Chronik - Quelle est votre idée de l’Ecole ou votre "Ecole idéale" ?
Lilia Ben Hamouda - Mon École idéale, c’est une école qui incarne notre devise républicaine. C’est une école où Liberté, Égalité, Fraternité ne sont pas de simples slogans – utilisés pour se donner bonne conscience, mais des principes vivants et concrets au quotidien.
L’école, c’est le lieu du Vivre ensemble, c’est le lieu de l’apprentissage de la collectivité, de la rencontre avec l’Autre – dans ce qu’il a en commun avec nous, mais aussi dans ce qu’il a de différent. L’école, cela devrait être le lieu de tous les possibles. Un lieu où, malgré nos conditions de vie, notre capital socioculturel… chacun et chacune peut espérer trouver sa voie. Un lieu où nos origines sociales ne pèsent pas tant sur nos trajectoires sociales et professionnelles.
L’école est le creuset de notre société, c’est sur ses bancs que se construit notre avenir commun. Choisir le modèle éducatif que l’on défend, c’est faire le choix du modèle de société que l’on porte. Souhaitons-nous une société juste, solidaire, où chacun et chacune a la possibilité d’œuvrer pour le collectif en fonction de ses aptitudes et non de son capital social de départ ? Ou souhaitons-nous une société où, en fonction du lieu de notre naissance, notre avenir est tout tracé ?
« Mon École », celle pour laquelle je milite depuis plus de 20 ans, c’est aussi une école où la pédagogie retrouve ses lettres de noblesse. Celle où les enseignantes et enseignants, expertes et experts pédagogiques, mettent en place des stratégies innovantes pour que les savoirs prennent sens – tous les savoirs et non seulement les fondamentaux.

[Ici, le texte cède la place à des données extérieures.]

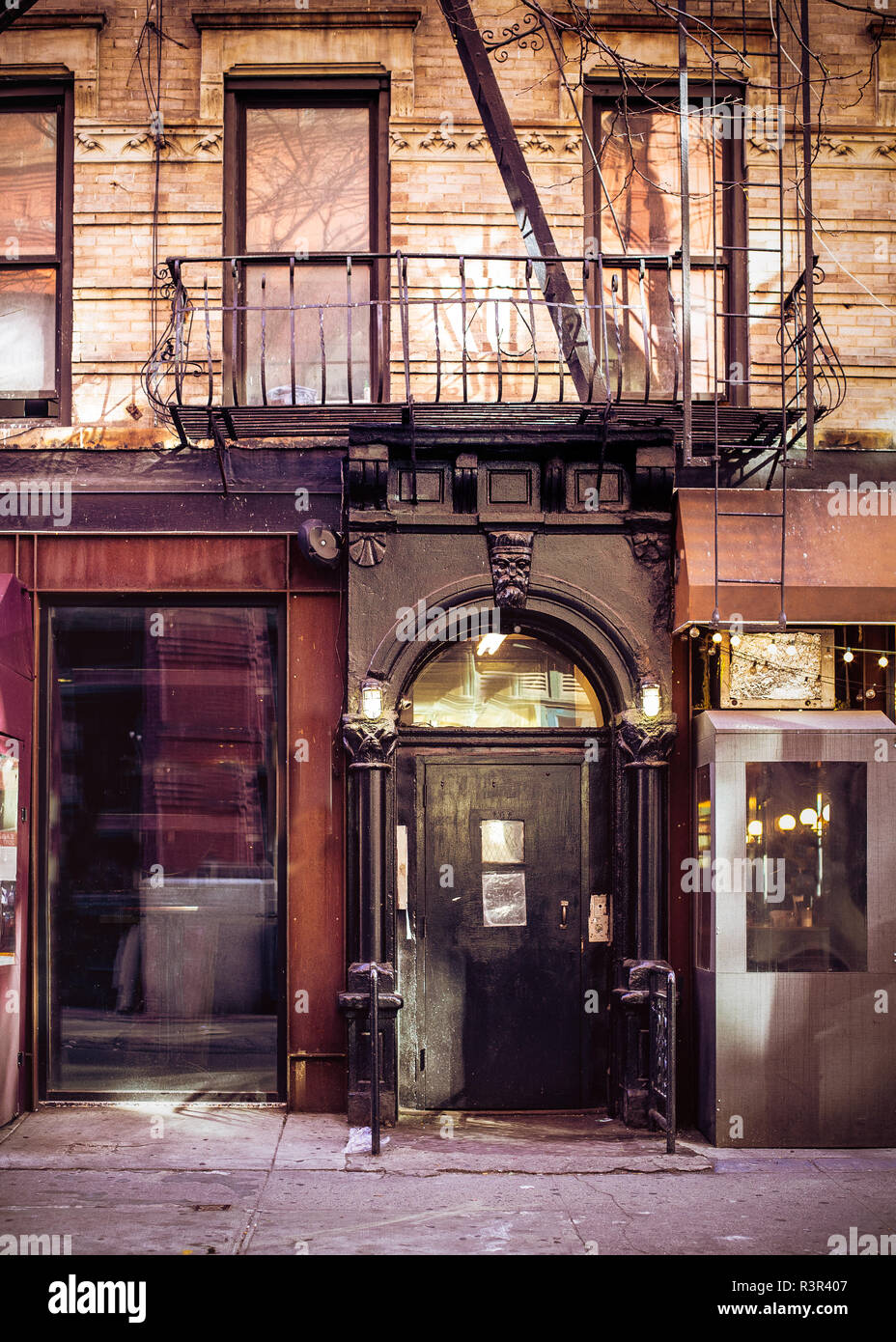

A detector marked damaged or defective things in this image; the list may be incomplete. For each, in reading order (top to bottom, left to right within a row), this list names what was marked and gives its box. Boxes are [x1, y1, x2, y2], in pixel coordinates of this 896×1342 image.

rusted metal panel [33, 534, 285, 593]
rusted metal panel [288, 587, 346, 1110]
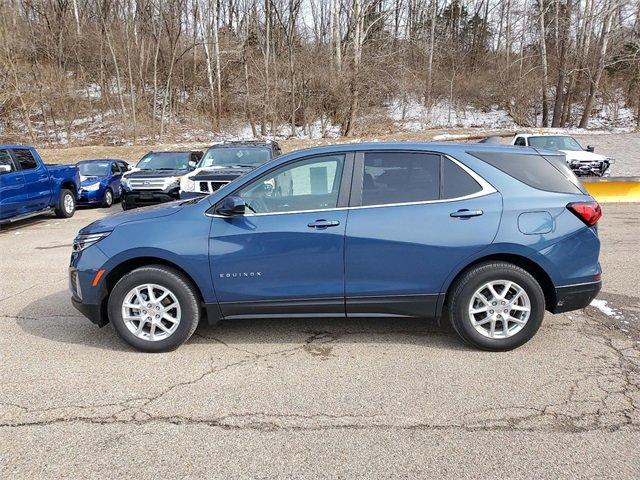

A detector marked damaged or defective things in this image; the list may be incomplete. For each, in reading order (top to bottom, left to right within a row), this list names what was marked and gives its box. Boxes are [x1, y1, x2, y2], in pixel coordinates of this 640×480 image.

cracked pavement [0, 204, 636, 478]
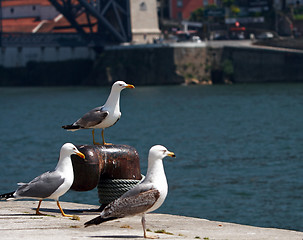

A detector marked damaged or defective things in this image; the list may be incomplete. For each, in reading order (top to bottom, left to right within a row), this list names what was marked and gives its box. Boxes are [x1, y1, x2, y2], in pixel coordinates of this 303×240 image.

rusty metal bollard [70, 144, 143, 208]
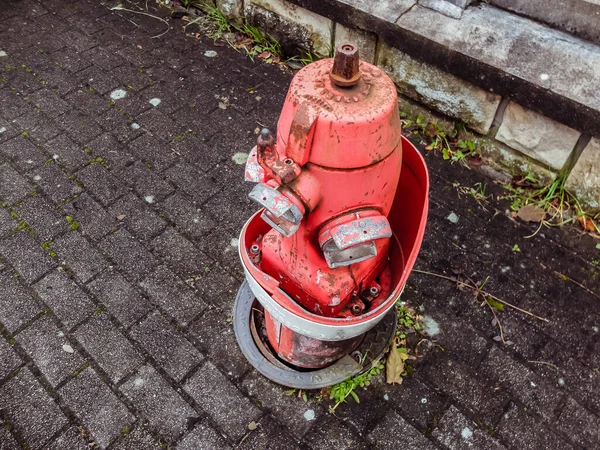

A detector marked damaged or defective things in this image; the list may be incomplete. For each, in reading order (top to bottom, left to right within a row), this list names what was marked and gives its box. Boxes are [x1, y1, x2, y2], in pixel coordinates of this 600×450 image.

rusty bolt on hydrant top [232, 41, 428, 386]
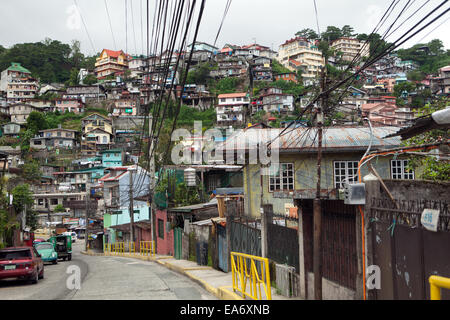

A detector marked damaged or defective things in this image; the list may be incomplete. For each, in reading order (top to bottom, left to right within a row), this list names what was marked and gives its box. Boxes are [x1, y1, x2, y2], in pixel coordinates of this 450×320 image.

rusty metal gate [230, 215, 262, 258]
rusty metal gate [300, 201, 356, 292]
rusty metal gate [370, 198, 450, 300]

J’ajouterais que pour une école de la Bienveillance – la vraie bienveillance et non la notion galvaudée par Jean-Michel Blanquer, l’élève ne doit pas éclipser l’enfant. Et pour cela, faire vivre la communauté éducative élargie – parents, animateurs, éducateurs… - est un impératif. Comment peut-on penser les temps de l’enfant sans prendre en compte tous ses temps : à l’école, en famille, lors des activités péri et extrascolaires... Pour une école qui émancipe, pour une école où chacun et chacune s’épanouisse, tous les acteurs et actrices autour de l’enfant ont un rôle à jouer. Ne faut-il pas tout un village pour élever un enfant, selon l’adage africain ?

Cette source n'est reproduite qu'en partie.